# AWD-LSTM

In [None]:
%load_ext autoreload
%autoreload 2

%matplotlib inline

In [None]:
#export
from exp.nb_12 import *

## Data

In [None]:
path = datasets.untar_data(datasets.URLs.IMDB)

We have to preprocess the data agin to pickle it because if we try to load the previous ll with pickle, it will complain the functions aren't in main.

In [None]:
il = TextList.from_files(path, include=['train', 'test', 'unsup'])
sd = SplitData.split_by_func(il, partial(random_splitter, p_valid=0.1))

In [None]:
ll = label_by_func(sd, lambda x: 0, proc_x = [TokenizeProcessor(), NumericalizeProcessor()])

In [None]:
pickle.dump(ll, open(path/'ll_lm.pkl', 'wb'))

In [None]:
ll = pickle.load(open(path/'ll_lm.pkl', 'rb'))

In [None]:
bs,bptt = 64,70
data = lm_databunchify(ll, bs, bptt)

In [None]:
vocab = ll.train.x.processors[1].vocab

## AWD-LSTM

### LSTM

In [None]:
class LSTMCell(nn.Module):
    def __init__(self, input_size, hidden_size):
        super().__init__()
        self.input_size = input_size
        self.hidden_size = hidden_size
        self.weight_ih = nn.Parameter(torch.randn(4 * hidden_size, input_size))
        self.weight_hh = nn.Parameter(torch.randn(4 * hidden_size, hidden_size))
        self.bias_ih = nn.Parameter(torch.randn(4 * hidden_size))
        self.bias_hh = nn.Parameter(torch.randn(4 * hidden_size))

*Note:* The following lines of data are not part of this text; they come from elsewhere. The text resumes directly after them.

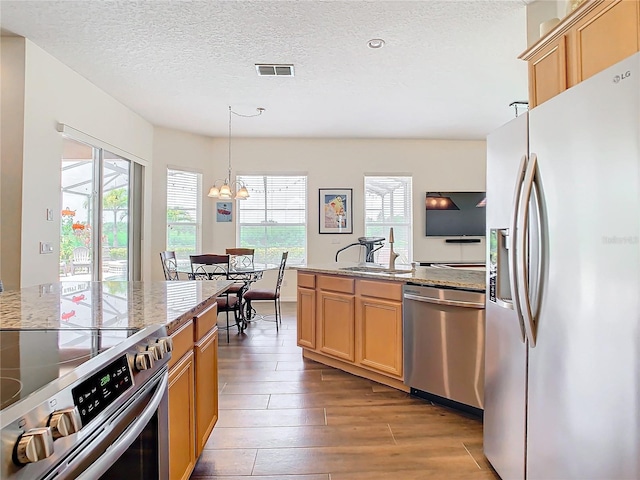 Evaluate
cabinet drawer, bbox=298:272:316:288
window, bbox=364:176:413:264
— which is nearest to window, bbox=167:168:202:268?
window, bbox=364:176:413:264

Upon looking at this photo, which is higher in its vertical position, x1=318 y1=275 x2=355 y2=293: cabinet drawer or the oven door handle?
x1=318 y1=275 x2=355 y2=293: cabinet drawer

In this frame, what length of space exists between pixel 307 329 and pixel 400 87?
2.83 m

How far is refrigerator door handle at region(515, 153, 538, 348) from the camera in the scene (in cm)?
142

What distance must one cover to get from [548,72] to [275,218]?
16.7 ft

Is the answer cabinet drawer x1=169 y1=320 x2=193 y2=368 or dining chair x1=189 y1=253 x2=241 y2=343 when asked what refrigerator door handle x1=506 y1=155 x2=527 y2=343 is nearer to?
cabinet drawer x1=169 y1=320 x2=193 y2=368

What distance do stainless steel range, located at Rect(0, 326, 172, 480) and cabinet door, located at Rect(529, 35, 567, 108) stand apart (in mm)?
1913

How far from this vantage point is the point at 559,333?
1.29m

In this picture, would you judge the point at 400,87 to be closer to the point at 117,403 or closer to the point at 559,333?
the point at 559,333

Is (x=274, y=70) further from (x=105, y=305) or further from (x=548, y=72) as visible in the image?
(x=105, y=305)

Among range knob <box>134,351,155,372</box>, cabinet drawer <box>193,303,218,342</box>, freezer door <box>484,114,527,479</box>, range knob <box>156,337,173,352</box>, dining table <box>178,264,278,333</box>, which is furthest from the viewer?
dining table <box>178,264,278,333</box>

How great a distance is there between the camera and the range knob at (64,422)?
2.15 ft

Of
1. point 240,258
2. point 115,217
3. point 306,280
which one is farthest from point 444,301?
point 115,217

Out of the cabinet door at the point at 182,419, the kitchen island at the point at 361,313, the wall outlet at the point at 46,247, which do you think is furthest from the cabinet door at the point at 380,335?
the wall outlet at the point at 46,247

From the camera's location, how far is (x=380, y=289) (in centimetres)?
280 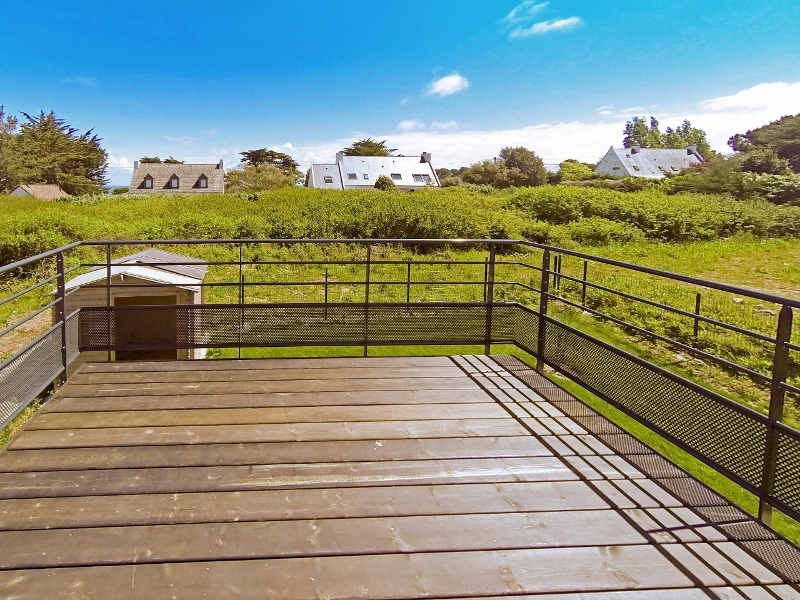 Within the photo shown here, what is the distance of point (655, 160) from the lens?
49938mm

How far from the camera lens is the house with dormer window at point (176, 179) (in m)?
39.1

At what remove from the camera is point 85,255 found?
11586 mm

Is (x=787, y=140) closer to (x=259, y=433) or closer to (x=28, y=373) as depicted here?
(x=259, y=433)

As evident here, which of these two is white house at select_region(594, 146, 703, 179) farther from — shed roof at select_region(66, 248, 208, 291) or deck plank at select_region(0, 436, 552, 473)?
deck plank at select_region(0, 436, 552, 473)

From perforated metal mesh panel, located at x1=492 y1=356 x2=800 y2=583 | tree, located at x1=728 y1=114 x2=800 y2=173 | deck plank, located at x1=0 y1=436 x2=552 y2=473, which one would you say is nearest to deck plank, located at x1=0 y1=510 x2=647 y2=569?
perforated metal mesh panel, located at x1=492 y1=356 x2=800 y2=583

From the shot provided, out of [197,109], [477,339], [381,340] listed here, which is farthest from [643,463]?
[197,109]

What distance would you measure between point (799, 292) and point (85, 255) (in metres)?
16.2

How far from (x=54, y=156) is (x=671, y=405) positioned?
47.3 meters

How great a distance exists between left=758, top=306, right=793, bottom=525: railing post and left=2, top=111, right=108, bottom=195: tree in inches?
1653

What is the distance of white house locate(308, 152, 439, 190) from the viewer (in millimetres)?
42188

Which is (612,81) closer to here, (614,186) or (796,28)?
(614,186)

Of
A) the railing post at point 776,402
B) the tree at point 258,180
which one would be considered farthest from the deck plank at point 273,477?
the tree at point 258,180

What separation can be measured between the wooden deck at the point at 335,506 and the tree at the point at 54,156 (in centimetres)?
4001

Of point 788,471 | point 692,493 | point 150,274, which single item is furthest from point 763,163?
point 788,471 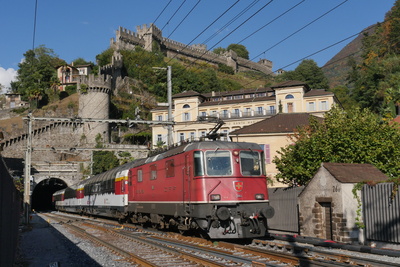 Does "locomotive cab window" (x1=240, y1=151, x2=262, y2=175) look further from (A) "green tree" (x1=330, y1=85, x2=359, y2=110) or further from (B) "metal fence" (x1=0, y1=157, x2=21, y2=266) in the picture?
(A) "green tree" (x1=330, y1=85, x2=359, y2=110)

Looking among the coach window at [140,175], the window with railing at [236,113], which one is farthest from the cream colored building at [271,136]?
the window with railing at [236,113]

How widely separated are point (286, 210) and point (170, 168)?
6400mm

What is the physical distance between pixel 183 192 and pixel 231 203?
211cm

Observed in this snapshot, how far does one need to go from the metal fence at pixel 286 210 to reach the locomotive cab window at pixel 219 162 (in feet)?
18.5

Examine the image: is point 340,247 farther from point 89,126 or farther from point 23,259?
point 89,126

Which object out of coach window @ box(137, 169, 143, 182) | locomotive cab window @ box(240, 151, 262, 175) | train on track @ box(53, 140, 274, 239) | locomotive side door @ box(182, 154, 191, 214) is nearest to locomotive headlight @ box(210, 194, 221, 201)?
train on track @ box(53, 140, 274, 239)

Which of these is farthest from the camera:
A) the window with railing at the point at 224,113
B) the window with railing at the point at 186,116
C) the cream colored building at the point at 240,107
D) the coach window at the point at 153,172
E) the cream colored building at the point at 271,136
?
the window with railing at the point at 186,116

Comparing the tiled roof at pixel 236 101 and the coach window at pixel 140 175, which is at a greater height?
the tiled roof at pixel 236 101

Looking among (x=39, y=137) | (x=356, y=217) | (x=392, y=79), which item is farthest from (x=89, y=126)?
(x=356, y=217)

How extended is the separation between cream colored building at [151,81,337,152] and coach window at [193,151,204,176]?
50.4 meters

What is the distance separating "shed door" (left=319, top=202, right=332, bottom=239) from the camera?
1656 centimetres

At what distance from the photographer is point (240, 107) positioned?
237 feet

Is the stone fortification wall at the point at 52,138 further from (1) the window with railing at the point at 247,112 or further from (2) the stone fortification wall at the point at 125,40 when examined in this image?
(2) the stone fortification wall at the point at 125,40

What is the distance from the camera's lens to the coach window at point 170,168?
17.1 meters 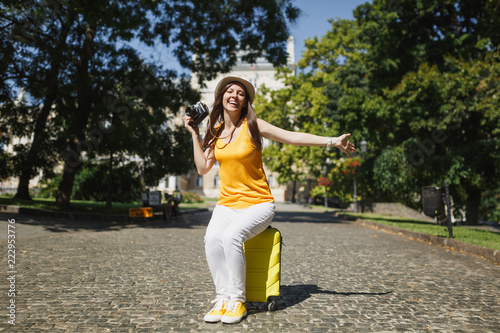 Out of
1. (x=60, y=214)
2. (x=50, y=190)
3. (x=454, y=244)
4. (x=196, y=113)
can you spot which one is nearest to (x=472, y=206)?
(x=454, y=244)

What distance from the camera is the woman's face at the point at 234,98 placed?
3.70m

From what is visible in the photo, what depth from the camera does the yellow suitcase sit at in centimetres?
351

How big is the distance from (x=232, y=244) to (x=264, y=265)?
0.43 metres

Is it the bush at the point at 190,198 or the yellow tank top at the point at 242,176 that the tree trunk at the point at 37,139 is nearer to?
the yellow tank top at the point at 242,176

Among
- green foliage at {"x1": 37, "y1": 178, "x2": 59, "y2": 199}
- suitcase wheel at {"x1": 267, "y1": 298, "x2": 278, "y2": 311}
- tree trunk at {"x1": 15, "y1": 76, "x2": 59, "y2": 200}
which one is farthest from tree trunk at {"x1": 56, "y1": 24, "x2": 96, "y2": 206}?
suitcase wheel at {"x1": 267, "y1": 298, "x2": 278, "y2": 311}

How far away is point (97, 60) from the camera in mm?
15953

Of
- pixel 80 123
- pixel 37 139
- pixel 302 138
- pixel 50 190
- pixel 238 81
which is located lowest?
pixel 50 190

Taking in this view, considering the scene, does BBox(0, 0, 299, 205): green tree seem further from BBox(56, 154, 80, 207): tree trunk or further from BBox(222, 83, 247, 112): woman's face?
BBox(222, 83, 247, 112): woman's face

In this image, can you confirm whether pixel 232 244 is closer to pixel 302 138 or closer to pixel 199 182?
pixel 302 138

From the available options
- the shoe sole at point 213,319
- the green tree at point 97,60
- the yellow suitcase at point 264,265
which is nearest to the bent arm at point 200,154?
the yellow suitcase at point 264,265

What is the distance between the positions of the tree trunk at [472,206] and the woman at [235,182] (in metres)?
16.5

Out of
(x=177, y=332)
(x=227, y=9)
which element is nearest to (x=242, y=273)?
(x=177, y=332)

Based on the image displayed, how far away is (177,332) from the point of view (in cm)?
301

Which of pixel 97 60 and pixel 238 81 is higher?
pixel 97 60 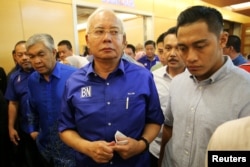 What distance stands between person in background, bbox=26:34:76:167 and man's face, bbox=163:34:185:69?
0.85 metres

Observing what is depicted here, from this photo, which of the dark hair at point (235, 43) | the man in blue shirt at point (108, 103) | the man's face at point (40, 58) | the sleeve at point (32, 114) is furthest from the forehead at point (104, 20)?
the dark hair at point (235, 43)

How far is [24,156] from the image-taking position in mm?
2621

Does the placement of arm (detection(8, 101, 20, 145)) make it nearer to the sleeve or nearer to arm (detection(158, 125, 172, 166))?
the sleeve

    def forward(self, input, state):
        hx, cx = state
        #One big multiplication for all the gates is better than 4 smaller ones
        gates = (torch.mm(input, self.weight_ih.t()) + self.bias_ih +
                 torch.mm(hx, self.weight_hh.t()) + self.bias_hh)
        ingate, forgetgate, cellgate, outgate = gates.chunk(4, 1)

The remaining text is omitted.